Task brief
Reproduce the entries exactly.

Saved data entries
——
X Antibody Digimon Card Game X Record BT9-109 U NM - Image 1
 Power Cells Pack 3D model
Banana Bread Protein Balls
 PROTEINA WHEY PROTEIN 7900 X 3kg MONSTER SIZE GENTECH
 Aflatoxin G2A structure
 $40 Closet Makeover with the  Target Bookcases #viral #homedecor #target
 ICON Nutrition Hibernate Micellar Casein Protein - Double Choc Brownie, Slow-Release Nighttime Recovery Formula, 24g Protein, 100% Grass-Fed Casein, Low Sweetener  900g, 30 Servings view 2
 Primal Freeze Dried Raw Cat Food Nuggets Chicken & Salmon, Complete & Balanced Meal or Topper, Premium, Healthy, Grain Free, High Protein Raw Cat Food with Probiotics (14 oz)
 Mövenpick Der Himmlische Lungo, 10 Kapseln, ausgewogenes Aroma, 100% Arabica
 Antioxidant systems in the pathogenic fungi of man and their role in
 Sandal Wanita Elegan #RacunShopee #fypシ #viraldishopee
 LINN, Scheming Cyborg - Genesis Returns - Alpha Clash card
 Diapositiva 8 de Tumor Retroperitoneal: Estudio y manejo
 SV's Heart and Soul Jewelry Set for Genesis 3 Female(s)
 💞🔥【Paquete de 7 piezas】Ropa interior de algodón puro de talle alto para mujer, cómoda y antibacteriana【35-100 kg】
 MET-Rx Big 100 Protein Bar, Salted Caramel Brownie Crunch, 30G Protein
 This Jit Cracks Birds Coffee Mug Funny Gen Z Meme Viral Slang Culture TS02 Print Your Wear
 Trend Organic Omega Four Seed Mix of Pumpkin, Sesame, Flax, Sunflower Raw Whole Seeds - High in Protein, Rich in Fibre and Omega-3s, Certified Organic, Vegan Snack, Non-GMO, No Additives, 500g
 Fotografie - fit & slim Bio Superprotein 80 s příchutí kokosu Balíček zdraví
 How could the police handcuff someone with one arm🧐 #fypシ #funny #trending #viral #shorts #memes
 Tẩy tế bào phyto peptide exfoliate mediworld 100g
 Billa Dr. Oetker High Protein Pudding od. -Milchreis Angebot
——
Solution for this task
X Antibody Digimon Card Game X Record BT9-109 U NM - Image 1
 Power Cells Pack 3D model
Banana Bread Protein Balls
 PROTEINA WHEY PROTEIN 7900 X 3kg MONSTER SIZE GENTECH
 Aflatoxin G2A structure
 $40 Closet Makeover with the  Target Bookcases #viral #homedecor #target
 ICON Nutrition Hibernate Micellar Casein Protein - Double Choc Brownie, Slow-Release Nighttime Recovery Formula, 24g Protein, 100% Grass-Fed Casein, Low Sweetener  900g, 30 Servings view 2
 Primal Freeze Dried Raw Cat Food Nuggets Chicken & Salmon, Complete & Balanced Meal or Topper, Premium, Healthy, Grain Free, High Protein Raw Cat Food with Probiotics (14 oz)
 Mövenpick Der Himmlische Lungo, 10 Kapseln, ausgewogenes Aroma, 100% Arabica
 Antioxidant systems in the pathogenic fungi of man and their role in
 Sandal Wanita Elegan #RacunShopee #fypシ #viraldishopee
 LINN, Scheming Cyborg - Genesis Returns - Alpha Clash card
 Diapositiva 8 de Tumor Retroperitoneal: Estudio y manejo
 SV's Heart and Soul Jewelry Set for Genesis 3 Female(s)
 💞🔥【Paquete de 7 piezas】Ropa interior de algodón puro de talle alto para mujer, cómoda y antibacteriana【35-100 kg】
 MET-Rx Big 100 Protein Bar, Salted Caramel Brownie Crunch, 30G Protein
 This Jit Cracks Birds Coffee Mug Funny Gen Z Meme Viral Slang Culture TS02 Print Your Wear
 Trend Organic Omega Four Seed Mix of Pumpkin, Sesame, Flax, Sunflower Raw Whole Seeds - High in Protein, Rich in Fibre and Omega-3s, Certified Organic, Vegan Snack, Non-GMO, No Additives, 500g
 Fotografie - fit & slim Bio Superprotein 80 s příchutí kokosu Balíček zdraví
 How could the police handcuff someone with one arm🧐 #fypシ #funny #trending #viral #shorts #memes
 Tẩy tế bào phyto peptide exfoliate mediworld 100g
 Billa Dr. Oetker High Protein Pudding od. -Milchreis Angebot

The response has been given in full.